Críticas à doutrinação marxista nas escolas e a Paulo Freire nas manifestações

"Ele [Paulo Freire] sempre foi ligado aos movimentos populares, de esquerda, que tinham um compromisso com a transformação social e com a equidade. Então, eu acho que é uma espécie de demonização disso [vindo] de uma direita que começou a mostrar a sua cara. Eu acho que é um direito que eles têm [protestar]. Na prática, no nosso trabalho, há 30 anos, eu falo que, ao contrário do evangelho de São João, que o verbo se fez homem, eu falo que, no caso do Paulo Freire, o homem se transformou em verbo. Então, há 30 anos para nós o Paulo Freire virou um verbo, que é conjugável e conjugável só no presente do indicativo: eu 'paulofreiro', tu 'paulofreiras', ele 'paulofreira', nós 'paulofreiramos', vós 'paulofreiras', eles 'paulofreiram'. Não existe o 'paulofreiraria'. Fazer 'paulofreiragem' é usar todo esse recurso: o outro, o amor ao próximo, a dignidade, o desenvolvimento das pessoas, é o ser político, integral, é o compromisso ético. Não é um método, é uma inspiração fantástica. E quando eu vejo esse negócio [críticas a Paulo Freire nas manifestações], cada vez mais eu quero conjugar esse verbo e transformá-lo em algo concreto."

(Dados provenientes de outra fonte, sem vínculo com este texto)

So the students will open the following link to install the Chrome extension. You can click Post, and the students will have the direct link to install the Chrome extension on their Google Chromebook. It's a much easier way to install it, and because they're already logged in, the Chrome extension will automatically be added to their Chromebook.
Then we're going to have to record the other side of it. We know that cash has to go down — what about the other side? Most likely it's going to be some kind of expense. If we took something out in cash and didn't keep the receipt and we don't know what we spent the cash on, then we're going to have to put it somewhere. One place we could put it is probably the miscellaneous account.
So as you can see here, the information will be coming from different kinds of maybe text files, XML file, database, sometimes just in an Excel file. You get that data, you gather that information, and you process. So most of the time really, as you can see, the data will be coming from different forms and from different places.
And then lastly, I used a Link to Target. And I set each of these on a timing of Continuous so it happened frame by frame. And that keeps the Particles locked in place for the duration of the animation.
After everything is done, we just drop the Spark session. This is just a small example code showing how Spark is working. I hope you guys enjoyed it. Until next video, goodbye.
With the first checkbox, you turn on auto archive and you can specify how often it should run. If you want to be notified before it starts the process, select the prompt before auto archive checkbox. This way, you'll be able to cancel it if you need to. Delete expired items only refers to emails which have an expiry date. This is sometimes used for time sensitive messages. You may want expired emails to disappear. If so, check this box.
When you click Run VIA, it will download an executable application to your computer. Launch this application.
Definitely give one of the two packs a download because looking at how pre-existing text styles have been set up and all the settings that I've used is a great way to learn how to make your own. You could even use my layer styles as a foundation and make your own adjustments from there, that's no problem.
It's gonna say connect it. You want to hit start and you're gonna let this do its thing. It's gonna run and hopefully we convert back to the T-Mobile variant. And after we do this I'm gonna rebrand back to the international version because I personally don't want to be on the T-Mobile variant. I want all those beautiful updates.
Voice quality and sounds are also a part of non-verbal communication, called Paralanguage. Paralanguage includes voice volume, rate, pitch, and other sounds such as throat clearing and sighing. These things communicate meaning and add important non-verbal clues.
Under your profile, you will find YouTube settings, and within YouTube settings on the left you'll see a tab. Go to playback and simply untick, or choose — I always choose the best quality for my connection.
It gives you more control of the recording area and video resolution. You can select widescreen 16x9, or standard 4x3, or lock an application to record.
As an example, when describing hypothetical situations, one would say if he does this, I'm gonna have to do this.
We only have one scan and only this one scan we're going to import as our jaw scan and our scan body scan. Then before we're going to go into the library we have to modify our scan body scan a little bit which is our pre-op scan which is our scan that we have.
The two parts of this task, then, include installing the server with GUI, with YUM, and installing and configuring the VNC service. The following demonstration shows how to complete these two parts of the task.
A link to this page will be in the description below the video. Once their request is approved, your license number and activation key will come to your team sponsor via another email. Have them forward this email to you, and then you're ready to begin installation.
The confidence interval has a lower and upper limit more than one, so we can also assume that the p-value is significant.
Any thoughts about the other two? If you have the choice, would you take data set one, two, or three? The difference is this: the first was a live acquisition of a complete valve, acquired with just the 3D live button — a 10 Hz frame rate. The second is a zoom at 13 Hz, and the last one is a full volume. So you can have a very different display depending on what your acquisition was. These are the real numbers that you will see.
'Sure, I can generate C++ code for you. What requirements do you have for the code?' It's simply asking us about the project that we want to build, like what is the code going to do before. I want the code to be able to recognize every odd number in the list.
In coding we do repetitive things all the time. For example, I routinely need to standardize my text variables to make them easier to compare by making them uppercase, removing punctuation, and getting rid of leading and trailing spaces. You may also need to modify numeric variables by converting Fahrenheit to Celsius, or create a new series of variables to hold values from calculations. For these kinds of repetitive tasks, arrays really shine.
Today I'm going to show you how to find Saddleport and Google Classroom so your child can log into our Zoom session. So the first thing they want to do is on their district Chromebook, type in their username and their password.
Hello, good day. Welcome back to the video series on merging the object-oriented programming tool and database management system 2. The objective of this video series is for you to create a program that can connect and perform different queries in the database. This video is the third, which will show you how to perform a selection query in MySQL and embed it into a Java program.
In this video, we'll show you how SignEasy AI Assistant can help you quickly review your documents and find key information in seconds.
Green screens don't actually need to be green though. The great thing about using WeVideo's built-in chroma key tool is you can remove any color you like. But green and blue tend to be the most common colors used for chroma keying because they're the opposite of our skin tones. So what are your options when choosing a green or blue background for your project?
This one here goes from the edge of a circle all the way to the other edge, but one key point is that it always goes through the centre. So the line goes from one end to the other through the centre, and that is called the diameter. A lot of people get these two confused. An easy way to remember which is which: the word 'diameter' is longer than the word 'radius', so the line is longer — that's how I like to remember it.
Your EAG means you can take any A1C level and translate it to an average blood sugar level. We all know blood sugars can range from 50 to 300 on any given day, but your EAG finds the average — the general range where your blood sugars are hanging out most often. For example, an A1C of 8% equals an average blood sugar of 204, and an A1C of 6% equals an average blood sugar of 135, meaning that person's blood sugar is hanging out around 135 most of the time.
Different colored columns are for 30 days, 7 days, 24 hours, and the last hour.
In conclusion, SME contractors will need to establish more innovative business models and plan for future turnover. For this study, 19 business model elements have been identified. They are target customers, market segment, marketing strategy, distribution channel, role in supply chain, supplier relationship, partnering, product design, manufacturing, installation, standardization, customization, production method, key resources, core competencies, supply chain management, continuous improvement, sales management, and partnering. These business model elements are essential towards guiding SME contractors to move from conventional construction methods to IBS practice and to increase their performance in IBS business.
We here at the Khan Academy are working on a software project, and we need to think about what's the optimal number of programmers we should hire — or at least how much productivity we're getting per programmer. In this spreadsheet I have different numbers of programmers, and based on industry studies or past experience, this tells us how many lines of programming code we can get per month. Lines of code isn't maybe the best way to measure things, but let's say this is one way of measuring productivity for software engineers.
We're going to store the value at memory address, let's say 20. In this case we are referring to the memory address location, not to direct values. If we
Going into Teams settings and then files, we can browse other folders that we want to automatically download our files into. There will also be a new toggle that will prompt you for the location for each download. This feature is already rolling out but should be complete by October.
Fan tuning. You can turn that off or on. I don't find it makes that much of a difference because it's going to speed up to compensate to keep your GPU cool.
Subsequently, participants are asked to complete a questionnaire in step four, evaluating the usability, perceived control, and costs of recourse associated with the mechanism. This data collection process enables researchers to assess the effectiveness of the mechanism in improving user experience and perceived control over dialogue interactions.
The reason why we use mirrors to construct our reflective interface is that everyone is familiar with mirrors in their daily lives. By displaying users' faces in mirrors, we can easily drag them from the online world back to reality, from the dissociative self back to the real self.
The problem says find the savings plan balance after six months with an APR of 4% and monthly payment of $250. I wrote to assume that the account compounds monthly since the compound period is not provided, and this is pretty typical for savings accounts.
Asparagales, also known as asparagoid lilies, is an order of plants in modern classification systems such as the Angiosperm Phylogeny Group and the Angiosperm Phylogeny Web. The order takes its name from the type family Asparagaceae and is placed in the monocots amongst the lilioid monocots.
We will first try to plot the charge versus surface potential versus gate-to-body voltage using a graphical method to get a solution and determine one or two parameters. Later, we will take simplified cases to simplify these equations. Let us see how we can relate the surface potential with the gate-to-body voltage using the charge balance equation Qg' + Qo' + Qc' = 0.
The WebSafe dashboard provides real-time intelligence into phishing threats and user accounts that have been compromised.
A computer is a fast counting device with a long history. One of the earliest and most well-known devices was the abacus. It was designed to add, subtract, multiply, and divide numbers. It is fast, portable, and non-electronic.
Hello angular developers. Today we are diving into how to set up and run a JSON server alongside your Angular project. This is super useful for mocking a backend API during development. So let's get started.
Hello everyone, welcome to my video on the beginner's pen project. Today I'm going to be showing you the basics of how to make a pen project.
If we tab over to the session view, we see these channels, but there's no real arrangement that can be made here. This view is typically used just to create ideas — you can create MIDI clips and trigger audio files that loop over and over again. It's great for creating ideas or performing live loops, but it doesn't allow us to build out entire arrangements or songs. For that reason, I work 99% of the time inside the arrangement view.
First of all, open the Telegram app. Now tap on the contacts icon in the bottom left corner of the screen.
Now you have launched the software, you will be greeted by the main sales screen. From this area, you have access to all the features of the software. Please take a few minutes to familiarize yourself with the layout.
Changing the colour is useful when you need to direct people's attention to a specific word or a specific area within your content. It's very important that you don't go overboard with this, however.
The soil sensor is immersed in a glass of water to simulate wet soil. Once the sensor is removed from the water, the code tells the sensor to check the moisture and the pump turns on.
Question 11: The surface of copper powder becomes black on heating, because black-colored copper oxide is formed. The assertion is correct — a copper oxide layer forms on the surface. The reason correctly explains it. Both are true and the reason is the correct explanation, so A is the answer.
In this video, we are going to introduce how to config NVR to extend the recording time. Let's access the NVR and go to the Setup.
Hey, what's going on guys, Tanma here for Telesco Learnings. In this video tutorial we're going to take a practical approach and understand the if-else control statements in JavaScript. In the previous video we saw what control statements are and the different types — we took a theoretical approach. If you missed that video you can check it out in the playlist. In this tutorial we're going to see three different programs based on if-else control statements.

A preocupação com a educação como elemento de transformação social levou Tião Rocha a desenvolver a chamada "pedagogia da roda", uma experiência inovadora com seguidores em vários estados brasileiros e em países, como Moçambique, Angola e Guiné-Bissau, na África, na qual o foco e a matéria-prima de todo processo de aprendizagem são as pessoas, "seus saberes, fazeres e quereres", como o educador costuma dizer. Com vários livros publicados e prêmios recebidos, ele também é o idealizador e presidente do Centro Popular de Cultura e Desenvolvimento (CPCD), na cidade de Curvelo, em Minas Gerais, uma organização sem fins lucrativos que atua na área de educação popular com foco na qualidade e no desenvolvimento comunitário sustentável.